===== Listed records

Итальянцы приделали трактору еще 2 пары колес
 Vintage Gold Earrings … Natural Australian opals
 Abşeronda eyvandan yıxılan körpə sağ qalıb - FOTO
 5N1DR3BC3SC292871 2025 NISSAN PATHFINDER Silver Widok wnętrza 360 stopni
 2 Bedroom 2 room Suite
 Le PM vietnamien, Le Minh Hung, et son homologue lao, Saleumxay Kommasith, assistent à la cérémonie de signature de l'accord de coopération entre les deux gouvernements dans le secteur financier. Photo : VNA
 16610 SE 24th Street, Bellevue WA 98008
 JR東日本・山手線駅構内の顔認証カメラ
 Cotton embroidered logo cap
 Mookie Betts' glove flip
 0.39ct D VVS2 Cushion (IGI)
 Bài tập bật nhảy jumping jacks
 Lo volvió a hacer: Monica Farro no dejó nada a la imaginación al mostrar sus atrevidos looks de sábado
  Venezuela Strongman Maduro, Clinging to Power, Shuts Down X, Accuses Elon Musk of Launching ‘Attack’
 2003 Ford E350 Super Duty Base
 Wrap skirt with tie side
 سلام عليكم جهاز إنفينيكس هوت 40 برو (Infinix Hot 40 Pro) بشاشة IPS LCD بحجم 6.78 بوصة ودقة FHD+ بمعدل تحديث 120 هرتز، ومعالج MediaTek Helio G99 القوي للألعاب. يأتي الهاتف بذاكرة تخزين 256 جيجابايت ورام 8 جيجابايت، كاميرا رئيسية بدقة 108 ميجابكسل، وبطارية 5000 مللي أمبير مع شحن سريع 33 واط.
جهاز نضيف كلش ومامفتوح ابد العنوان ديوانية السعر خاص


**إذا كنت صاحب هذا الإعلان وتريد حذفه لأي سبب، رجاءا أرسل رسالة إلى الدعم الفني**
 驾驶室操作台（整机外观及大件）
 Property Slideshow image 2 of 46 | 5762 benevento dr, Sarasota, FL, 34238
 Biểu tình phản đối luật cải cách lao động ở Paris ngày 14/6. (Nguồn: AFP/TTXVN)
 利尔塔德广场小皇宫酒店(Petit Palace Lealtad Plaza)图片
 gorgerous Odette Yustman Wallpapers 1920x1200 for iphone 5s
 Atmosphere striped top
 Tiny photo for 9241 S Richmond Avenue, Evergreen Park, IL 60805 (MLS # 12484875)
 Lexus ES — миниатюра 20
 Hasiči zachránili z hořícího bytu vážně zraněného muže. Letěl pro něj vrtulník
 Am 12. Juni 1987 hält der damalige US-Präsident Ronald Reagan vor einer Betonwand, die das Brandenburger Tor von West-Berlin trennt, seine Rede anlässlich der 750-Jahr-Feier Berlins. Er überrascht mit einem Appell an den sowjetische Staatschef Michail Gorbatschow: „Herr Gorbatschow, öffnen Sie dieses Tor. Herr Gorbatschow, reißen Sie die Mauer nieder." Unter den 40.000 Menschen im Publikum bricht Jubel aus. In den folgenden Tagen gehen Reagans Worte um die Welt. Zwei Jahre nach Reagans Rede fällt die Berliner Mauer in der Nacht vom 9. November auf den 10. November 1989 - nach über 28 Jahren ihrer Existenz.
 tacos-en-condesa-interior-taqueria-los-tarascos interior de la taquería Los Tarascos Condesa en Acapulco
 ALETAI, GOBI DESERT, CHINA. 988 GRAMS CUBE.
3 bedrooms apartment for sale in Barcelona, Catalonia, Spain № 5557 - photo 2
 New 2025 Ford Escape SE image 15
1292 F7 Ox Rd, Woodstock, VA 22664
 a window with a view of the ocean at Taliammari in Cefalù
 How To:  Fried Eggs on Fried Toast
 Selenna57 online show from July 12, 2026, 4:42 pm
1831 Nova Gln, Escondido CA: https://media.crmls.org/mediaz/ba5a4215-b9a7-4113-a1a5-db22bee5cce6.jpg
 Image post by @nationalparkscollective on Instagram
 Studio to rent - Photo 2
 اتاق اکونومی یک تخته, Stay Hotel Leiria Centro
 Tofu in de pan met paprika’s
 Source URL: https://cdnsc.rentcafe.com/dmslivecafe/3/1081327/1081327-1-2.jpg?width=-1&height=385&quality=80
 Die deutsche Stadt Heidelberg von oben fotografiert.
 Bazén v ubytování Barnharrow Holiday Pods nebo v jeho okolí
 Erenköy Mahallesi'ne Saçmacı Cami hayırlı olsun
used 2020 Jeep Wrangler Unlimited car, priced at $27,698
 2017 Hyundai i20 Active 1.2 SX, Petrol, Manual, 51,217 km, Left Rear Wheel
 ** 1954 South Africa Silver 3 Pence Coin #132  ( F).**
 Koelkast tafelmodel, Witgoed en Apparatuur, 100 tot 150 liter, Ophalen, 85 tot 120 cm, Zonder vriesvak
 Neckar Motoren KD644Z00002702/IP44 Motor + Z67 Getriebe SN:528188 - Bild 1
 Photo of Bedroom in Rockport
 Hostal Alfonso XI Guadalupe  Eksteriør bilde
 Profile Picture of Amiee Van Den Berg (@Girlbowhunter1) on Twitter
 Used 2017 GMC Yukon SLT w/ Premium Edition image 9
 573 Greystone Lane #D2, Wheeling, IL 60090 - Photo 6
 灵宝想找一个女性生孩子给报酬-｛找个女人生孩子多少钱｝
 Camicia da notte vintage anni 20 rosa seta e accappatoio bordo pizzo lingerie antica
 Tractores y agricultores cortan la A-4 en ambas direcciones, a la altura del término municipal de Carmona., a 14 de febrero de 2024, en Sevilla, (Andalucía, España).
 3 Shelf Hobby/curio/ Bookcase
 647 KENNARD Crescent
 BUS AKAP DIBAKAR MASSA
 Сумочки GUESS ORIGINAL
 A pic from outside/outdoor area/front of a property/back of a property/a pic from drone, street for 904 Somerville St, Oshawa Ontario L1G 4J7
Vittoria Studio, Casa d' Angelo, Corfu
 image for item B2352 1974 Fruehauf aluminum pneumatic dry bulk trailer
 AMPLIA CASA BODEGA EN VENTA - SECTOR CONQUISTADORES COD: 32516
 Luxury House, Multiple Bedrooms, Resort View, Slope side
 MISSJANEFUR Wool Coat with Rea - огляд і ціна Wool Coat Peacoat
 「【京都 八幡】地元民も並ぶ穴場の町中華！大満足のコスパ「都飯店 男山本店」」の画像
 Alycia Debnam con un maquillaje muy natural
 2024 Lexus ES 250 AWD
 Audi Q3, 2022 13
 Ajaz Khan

==========

-- About this task --
Each line above that contains the word "with" must be copied.

-- Written solution --
 Wrap skirt with tie side
 a window with a view of the ocean at Taliammari in Cefalù
 MISSJANEFUR Wool Coat with Rea - огляд і ціна Wool Coat Peacoat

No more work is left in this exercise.